PureBasic Survival Guide XV - Regular Expressions

PureBasic Survival Guide
a tutorial for using purebasic for windows 4.51

Part 0 - TOC
Part I - General
Part II - Converts
Part III - Primer I
Part IV - Primer II
Part V - Advanced
Part VI - 2D Graphics I
Part VII - 2D Graphics II
Part X - Assembly
Part XI - Debugger
Part XII - VirtualBox
Part XIII - Databases
Part XIV - Networking
Part XV - Regular Expressions
Part XVI - Application Data
Part XVII DPI
Part XXVII - Irregular Expressions
Part XXIX - Projects

Part XV - Regular Expressions
v1.03 11.04.2011

15.1 Two problems...
15.2 Regular expressions.
15.3 Links.
15.4 Defining and using.
15.5 Experiment (REval).
15.6 Literals.
15.7 Escaping
15.8 Special characters.
15.9 Classes and ranges.
15.10 Metacharacters.
15.11 Repetition and wildcards.
15.12 Grouping.
15.13 Position.
15.14 Alternatives.

15.1 Two problems...

A programmer faces a problem. So she teaches herself regular expressions. Now she has to face two problems.

:-)

The above phrase I spotted somewhere on the InterNet. It's a bit unfair, but also a bit true. Although regular expressions can be immensely powerful and effective, they can also be the cause of serious problems, and are certainly not an universal solution to any and all problems. Consider them yet another tool in the programmers' toolbox, powerful yet sharp... Mind your fingers!

15.2 Regular expressions

(As usual I document these things whilst trying to learn and understand them. So these pages could show some irregularities as well as a definite non-structural approach. Gotta' love the web and my sense of direction :-))

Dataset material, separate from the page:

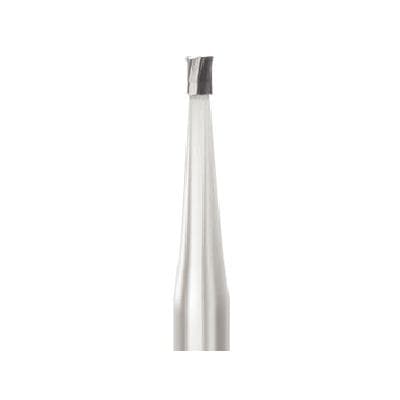 Midwest Operative Carbide Bur #34, Inverted Cone, Flat End, FG, 0.9 mm Diameter, 4.9 mm Length, 6 Flutes, 100/Bag, 386210 thumbnail 11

Are regular expressions difficult? Well... that depends. Are they useful? Well... that depends as well. Regular expressions can cause many problems, but they also provide opportunities. They are yet another tool in our programmer's toolbox, so it's wise to know a litte about them.

Regular expressions allow us to build filters, with which we can test strings for certain conditions, and retrieve parts of those strings. It's even possible to do conversions etc. on the fly, but that's beyond my limited understanding. (Scourge the web, young padawan, scourge the web...)

15.3 Links

In no way can I be as thorough or complete or even remotely knowledgable as some of the gurus on the Internet. In case you know you won't be impressed with my explanation of regular expressions you might try the following links before continueing with my attempt...

Still with me? Okay...

15.4 Defining and using regular expressions in PureBasic

Step one is create a regular expression:

; survival guide 15_2_100 create regexp
; pb 4.51rc2
;
CreateRegularExpression(1,"a")
CreateRegularExpression(2,"r")
;
Debug MatchRegularExpression(1,"appel")    ; 1 or 'true' as 'a' is found inside 'appel'
Debug MatchRegularExpression(1,"peer")     ; 0 or 'false' as 'a' is not found inside 'peer'
Debug MatchRegularExpression(2,"appel")    ; 0 or 'false' as 'r' is not found inside 'appel'
Debug MatchRegularExpression(2,"peer")     ; 1 or 'true' as 'r' is found inside 'peer'

In PureBasic first create a rule, and assign a number to it. Then test the string against that rule by using the number. So, if you use the same rule many times, you only have to create it once. In the example above expression 1 is used more than once, as is expression 2.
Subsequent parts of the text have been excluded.